Early yearsVogel was born in Washington, D.C. to Donald Stephen Vogel, an advertising executive, and Phyllis Rita Bremerman, a secretary for United States Postal Service Training and Development Center.[1] She is a graduate of The Catholic University of America (1974, B.A.) and Cornell University (1976, M.A.). Vogel also attended Bryn Mawr College 1969-70, 1971-72.
CareerA productive playwright since the late 1970s, Vogel first came to national prominence with her AIDS-related seriocomedy The Baltimore Waltz, which won the Obie award for Best Play in 1992. She is best known for her Pulitzer Prize-winning play How I Learned To Drive (1997), which examines the impact and echoes of child sexual abuse and incest. Other notable plays include Desdemona, A Play About A Handkerchief (1979); The Oldest Profession (1981); And Baby Makes Seven (1984); "Hot 'N Throbbing" (1994); and The Mineola Twins (1996).

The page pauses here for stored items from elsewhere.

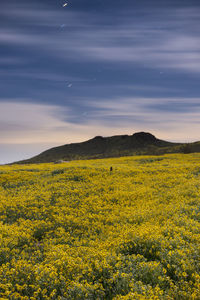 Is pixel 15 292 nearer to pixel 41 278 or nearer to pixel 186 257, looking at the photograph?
pixel 41 278

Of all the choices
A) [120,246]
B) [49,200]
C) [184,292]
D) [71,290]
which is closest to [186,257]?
Result: [184,292]

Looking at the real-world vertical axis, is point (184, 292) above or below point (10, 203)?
below

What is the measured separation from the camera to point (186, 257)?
6.79 meters

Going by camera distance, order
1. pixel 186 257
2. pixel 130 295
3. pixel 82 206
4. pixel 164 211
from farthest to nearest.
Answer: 1. pixel 82 206
2. pixel 164 211
3. pixel 186 257
4. pixel 130 295

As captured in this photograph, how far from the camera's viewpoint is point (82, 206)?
539 inches

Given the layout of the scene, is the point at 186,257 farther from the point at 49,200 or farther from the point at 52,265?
the point at 49,200

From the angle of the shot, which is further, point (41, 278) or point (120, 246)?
point (120, 246)

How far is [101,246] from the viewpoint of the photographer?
8258 mm

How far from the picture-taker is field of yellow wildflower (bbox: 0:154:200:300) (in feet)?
19.4

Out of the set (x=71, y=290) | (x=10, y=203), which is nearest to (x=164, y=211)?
(x=71, y=290)

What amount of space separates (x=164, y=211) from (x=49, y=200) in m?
7.73

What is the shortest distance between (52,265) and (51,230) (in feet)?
13.4

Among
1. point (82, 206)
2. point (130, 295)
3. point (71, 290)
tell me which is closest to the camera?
point (130, 295)

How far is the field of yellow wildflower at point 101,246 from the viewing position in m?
5.91
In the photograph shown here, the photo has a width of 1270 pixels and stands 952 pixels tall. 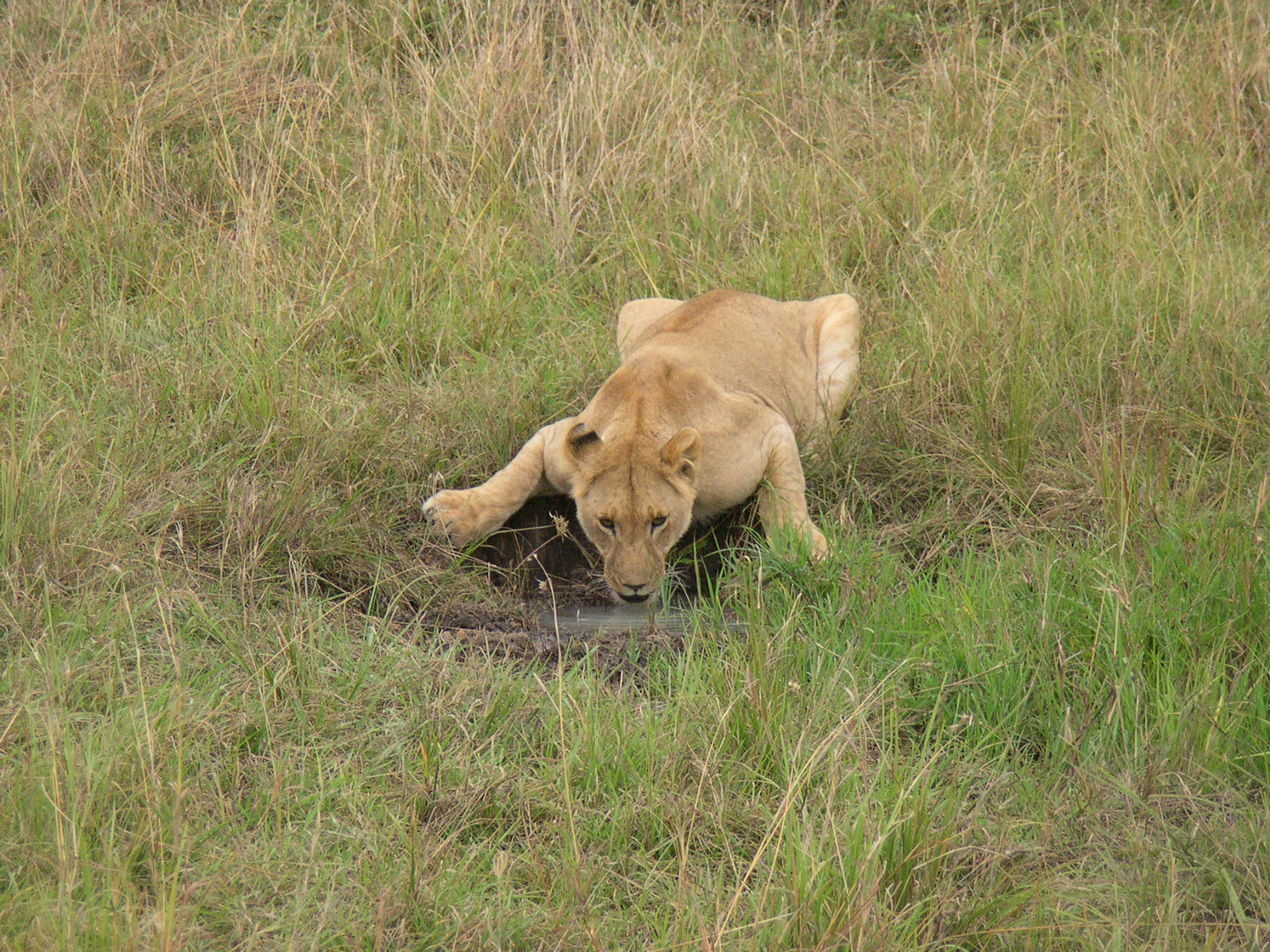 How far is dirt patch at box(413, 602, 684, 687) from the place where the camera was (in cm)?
370

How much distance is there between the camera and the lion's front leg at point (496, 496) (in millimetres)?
4426

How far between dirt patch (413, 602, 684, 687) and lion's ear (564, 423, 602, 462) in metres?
0.57

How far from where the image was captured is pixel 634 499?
14.1 feet

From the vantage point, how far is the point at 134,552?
3.75m

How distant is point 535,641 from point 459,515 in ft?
2.31

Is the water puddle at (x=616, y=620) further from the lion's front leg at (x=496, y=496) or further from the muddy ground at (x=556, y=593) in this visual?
the lion's front leg at (x=496, y=496)

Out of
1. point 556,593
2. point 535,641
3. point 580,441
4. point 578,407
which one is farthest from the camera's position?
point 578,407

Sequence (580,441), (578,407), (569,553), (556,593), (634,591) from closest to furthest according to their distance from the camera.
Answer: (634,591) < (580,441) < (556,593) < (569,553) < (578,407)

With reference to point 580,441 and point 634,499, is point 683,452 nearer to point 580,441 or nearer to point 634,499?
point 634,499

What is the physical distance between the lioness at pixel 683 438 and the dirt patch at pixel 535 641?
0.31m

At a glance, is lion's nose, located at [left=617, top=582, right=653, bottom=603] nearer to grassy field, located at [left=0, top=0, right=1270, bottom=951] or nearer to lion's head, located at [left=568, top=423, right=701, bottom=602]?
lion's head, located at [left=568, top=423, right=701, bottom=602]

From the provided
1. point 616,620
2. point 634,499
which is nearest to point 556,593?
point 616,620

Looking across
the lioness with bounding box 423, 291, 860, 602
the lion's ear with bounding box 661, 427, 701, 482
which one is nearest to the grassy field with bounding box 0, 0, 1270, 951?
the lioness with bounding box 423, 291, 860, 602

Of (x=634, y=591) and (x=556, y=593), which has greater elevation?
(x=634, y=591) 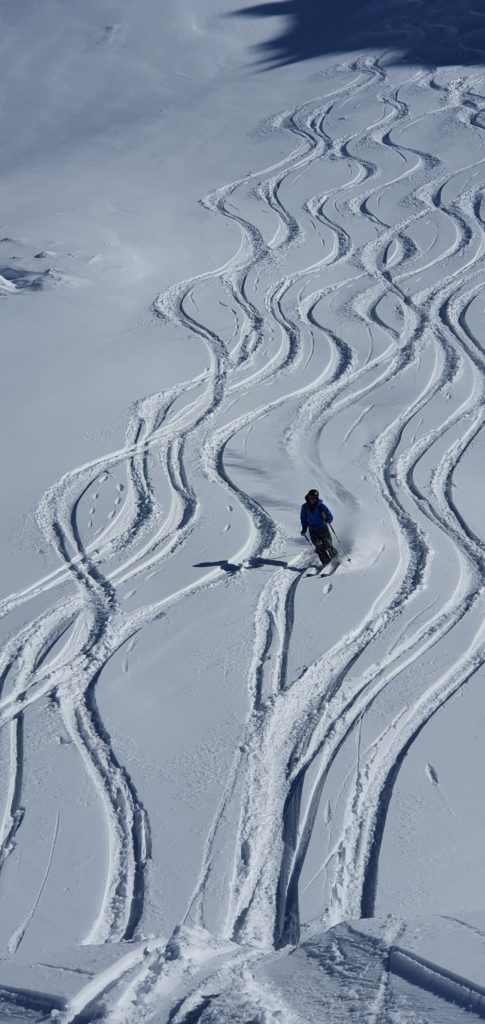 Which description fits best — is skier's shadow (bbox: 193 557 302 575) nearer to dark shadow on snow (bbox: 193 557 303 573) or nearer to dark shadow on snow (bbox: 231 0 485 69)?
dark shadow on snow (bbox: 193 557 303 573)

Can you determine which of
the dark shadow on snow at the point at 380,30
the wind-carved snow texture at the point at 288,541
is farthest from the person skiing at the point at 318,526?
the dark shadow on snow at the point at 380,30

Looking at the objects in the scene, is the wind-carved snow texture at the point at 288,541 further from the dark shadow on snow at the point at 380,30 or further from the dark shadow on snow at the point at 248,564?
the dark shadow on snow at the point at 380,30

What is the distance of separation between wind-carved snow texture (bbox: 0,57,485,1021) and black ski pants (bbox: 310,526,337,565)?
1.03ft

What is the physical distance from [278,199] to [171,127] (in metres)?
7.59

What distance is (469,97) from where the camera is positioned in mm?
28734

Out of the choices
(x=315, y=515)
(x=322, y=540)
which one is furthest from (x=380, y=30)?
(x=322, y=540)

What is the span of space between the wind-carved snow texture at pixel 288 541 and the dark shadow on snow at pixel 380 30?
942 centimetres

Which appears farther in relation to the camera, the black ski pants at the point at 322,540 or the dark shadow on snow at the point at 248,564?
the dark shadow on snow at the point at 248,564

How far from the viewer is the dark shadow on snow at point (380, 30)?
105 ft

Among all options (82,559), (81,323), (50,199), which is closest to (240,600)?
(82,559)

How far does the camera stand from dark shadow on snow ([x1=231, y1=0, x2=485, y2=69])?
3198 centimetres

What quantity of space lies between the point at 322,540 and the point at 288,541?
837mm

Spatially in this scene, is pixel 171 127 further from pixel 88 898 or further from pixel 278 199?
pixel 88 898

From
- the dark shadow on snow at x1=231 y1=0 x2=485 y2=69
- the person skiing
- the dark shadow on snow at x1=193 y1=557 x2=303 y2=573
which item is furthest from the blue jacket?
the dark shadow on snow at x1=231 y1=0 x2=485 y2=69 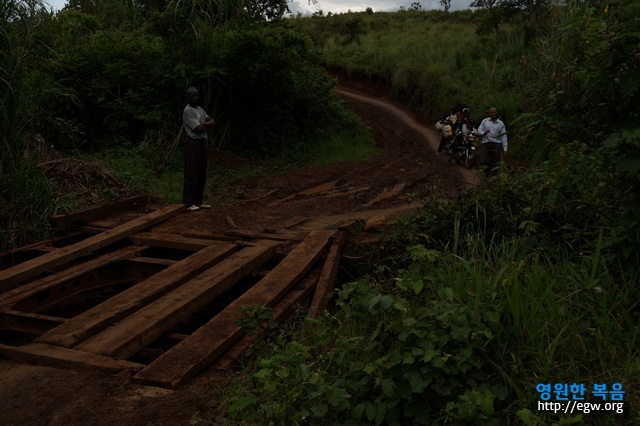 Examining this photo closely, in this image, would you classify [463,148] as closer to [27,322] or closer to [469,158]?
[469,158]

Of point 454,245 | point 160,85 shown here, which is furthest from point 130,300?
point 160,85

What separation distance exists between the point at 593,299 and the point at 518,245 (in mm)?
1378

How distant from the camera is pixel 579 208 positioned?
5.46 meters

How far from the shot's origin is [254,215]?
8086 mm

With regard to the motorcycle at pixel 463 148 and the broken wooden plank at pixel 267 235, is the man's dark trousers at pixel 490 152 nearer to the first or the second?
the motorcycle at pixel 463 148

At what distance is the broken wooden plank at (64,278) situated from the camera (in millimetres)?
5043

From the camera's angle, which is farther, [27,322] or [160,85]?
[160,85]

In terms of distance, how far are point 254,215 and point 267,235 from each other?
1327 millimetres

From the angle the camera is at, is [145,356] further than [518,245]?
No

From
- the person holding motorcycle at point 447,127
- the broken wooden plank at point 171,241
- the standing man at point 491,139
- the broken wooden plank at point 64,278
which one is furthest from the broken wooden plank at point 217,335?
the person holding motorcycle at point 447,127

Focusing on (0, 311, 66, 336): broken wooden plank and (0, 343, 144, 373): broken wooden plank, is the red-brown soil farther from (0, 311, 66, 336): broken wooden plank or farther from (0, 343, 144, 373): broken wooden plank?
(0, 311, 66, 336): broken wooden plank

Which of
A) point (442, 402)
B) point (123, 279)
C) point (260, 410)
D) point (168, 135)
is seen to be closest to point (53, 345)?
point (260, 410)

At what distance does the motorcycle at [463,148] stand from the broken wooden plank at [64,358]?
11.1 meters

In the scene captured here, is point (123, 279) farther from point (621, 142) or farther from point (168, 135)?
point (168, 135) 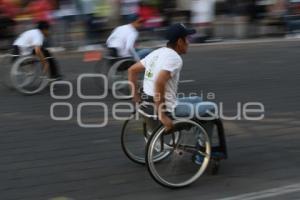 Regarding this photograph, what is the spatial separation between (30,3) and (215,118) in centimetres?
875

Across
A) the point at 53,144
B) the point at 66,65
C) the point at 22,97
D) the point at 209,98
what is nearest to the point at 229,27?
the point at 66,65

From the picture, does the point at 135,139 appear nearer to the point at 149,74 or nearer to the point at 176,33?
the point at 149,74

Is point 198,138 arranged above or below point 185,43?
below

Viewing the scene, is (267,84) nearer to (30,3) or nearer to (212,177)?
(212,177)

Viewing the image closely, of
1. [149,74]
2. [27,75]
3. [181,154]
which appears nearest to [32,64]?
[27,75]

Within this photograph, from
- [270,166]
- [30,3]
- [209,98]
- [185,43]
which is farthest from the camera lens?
[30,3]

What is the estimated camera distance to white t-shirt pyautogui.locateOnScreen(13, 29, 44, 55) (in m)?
9.34

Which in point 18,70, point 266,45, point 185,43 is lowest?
point 266,45

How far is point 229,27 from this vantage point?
14961mm

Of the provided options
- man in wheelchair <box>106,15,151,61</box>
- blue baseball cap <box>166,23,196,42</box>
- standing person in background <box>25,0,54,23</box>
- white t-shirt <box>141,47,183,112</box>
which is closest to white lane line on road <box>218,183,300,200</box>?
white t-shirt <box>141,47,183,112</box>

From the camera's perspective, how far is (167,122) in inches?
216

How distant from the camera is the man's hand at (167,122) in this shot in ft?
18.0

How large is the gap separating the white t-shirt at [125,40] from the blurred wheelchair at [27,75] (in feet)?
4.02

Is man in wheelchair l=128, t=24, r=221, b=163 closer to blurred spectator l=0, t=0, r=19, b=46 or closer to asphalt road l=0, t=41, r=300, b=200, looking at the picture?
asphalt road l=0, t=41, r=300, b=200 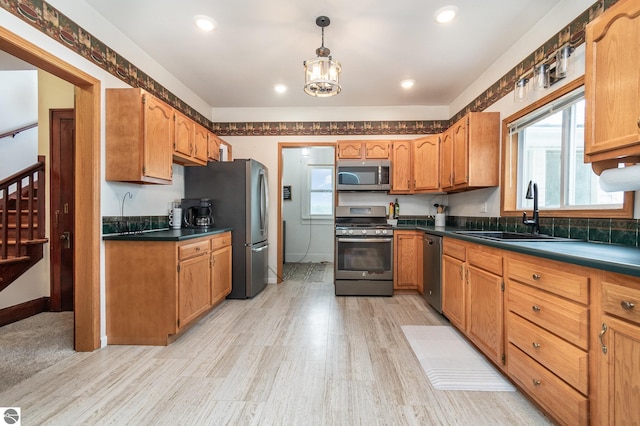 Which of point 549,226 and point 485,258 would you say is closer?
point 485,258

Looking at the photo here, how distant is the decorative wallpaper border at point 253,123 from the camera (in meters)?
→ 1.84

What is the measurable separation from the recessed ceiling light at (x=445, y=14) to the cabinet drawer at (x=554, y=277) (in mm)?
1901

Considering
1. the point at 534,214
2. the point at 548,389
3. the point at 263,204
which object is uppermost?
the point at 263,204

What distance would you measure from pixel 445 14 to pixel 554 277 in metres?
2.05

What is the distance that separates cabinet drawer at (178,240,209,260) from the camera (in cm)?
241

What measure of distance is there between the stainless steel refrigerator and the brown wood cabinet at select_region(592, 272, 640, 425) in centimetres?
313

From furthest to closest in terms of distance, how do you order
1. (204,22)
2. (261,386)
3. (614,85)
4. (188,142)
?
(188,142)
(204,22)
(261,386)
(614,85)

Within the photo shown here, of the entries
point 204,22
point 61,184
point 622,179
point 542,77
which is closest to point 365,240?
point 542,77

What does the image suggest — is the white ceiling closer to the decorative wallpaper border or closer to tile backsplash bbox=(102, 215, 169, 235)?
the decorative wallpaper border

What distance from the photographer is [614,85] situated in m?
1.30

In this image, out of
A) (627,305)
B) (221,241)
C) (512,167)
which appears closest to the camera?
(627,305)

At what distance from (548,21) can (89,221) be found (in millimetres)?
3932

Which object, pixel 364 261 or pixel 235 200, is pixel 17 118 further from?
pixel 364 261

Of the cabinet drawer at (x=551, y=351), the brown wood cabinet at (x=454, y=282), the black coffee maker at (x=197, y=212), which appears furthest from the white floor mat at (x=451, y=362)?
the black coffee maker at (x=197, y=212) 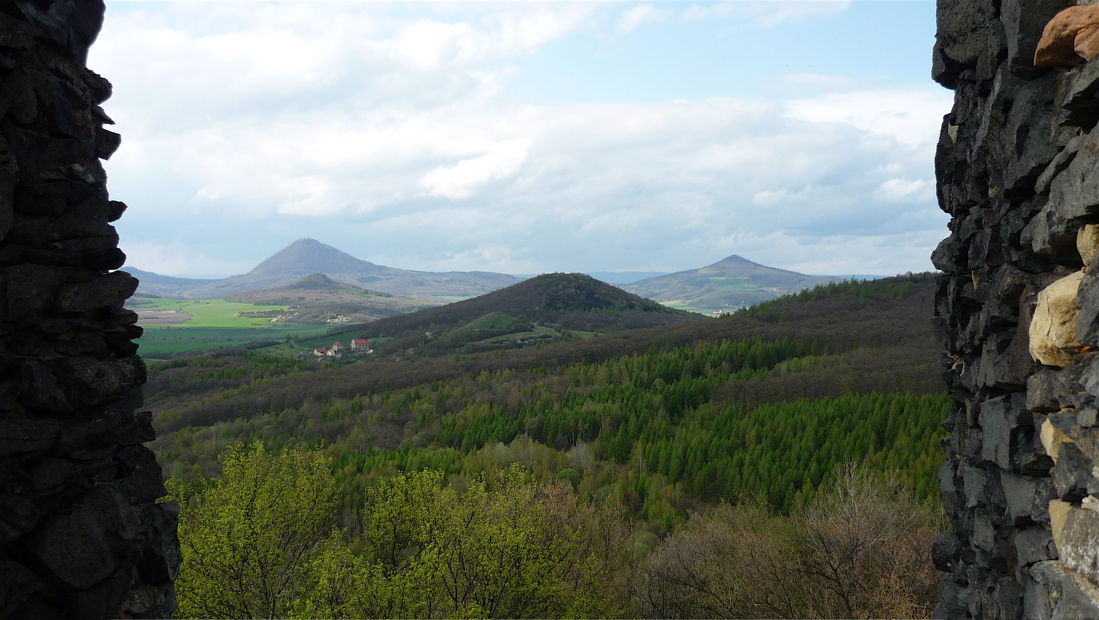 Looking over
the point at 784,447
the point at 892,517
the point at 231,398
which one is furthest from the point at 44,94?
the point at 231,398

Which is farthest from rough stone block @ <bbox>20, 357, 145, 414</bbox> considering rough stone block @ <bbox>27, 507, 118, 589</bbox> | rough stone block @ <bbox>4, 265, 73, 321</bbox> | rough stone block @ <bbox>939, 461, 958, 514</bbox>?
rough stone block @ <bbox>939, 461, 958, 514</bbox>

Although no particular theme or topic dominates her work, she often examines traditionally controversial issues such as sexual abuse, and prostitution. Asserting that she "writes the play backwards," moving from emotional circumstances and character to craft narrative structure, Vogel says, "My writing isn't actually guided by issues. ... I only write about things that directly impact my life." Vogel's family, especially her late brother Carl Vogel, serves as an influence to her writings. Carl's likeness appears in such plays as The Long Christmas Ride Home (2003), The Baltimore Waltz, and And Baby Makes Seven.
"Vogel tends to select sensitive, difficult, fraught issues to theatricalize," theatre theorist Jill Dolan comments, "and to spin them with a dramaturgy that’s at once creative, highly imaginative, and brutally honest." Her work embraces theatrical devices from across several traditions, incorporating, in various works, direct address, bunraku puppetry, omniscient narration, and fantasy sequences. Critic David Finkel finds this breadth in Vogel's career to be reflective of a general tendency toward stylistic reinvention from work to work. "This playwright recoils at the notion of writing plays that are alike in their composition," Finkel writes. "She wants each play to be different in texture from those that have preceded it."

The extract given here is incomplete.